South Street's Beginnings: An Interview with Joel Spivak: "Magical Mystical Moments"
In 1969, a wandering young architect named Joel Spivak was passing through Philadelphia. He was working on a short-term project: building a gallery for a couple named Snyderman. Upon arriving on South Street, Joel noticed that a few artists around the somewhat desolate neighborhood were fixing up buildings, and opening stores and restaurants. Stumbling upon an apartment at 324 South Street with a price tag of $25 a month, and realizing that he could make that in an afternoon, Spivak decided to stay for a while. That was forty years ago. Joel still lives in South Philadelphia and is an integral part of the art community in the neighborhood and citywide. One of the founding members of The Dumpster Divers, Joel has had a great deal to do with the formation of the new gallery at 734 South Street, and continues work on collaborations with many artists. An enthusiastic photographer in the 1970’s, Joel also has a comprehensive collection of photographs that spin an array of yarns from South Street’s transitional years.
“We described the intersection of 4th and South Street as the center of the universe. So much happened on that corner,” Joel explains. Today this corner of South Street paints a pretty clear picture of the street’s character in 2009. On one corner is the famous Jim’s Steaks, an institution for almost 40 years. Across 4th street is the Copabanana, the only remaining restaurant of the Renaissance.
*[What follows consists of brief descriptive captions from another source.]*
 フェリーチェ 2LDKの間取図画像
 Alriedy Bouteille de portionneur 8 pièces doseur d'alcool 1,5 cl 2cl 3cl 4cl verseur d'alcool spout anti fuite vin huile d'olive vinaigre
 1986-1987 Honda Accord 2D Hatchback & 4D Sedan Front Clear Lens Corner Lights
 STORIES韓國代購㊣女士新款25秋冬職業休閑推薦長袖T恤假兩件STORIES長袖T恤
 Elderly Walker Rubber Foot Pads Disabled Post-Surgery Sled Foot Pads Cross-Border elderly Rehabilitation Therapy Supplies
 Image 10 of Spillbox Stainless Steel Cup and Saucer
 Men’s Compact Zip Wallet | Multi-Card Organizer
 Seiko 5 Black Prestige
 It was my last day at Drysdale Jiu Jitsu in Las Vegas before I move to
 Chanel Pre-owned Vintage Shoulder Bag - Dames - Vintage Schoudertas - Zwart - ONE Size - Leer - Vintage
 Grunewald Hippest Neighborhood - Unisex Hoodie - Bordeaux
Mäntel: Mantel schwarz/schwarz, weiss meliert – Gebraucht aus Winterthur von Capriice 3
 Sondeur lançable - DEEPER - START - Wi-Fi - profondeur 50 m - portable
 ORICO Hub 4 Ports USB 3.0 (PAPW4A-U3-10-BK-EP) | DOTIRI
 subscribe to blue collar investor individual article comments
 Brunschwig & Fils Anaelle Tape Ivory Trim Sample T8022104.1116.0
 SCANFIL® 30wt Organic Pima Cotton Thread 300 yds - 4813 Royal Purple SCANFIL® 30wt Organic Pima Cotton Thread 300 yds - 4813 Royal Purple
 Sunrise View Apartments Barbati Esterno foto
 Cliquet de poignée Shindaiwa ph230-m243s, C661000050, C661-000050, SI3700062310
Directly across from the Copabanana is a Starbuck’s, which, Joel laments, was once Café Yaaz, a cozy Lebanese eatery that hosted many a gathering of South Street’s early denizens.
South Street has gone through numerous transitions even since the “new age types” arrived in the 60’s and 70’s. “A lot of buildings have changed since I’ve been here,” explains Joel Spivak, “they’ve been re-gentrified.” In 2009 Spivak is living through yet another transition.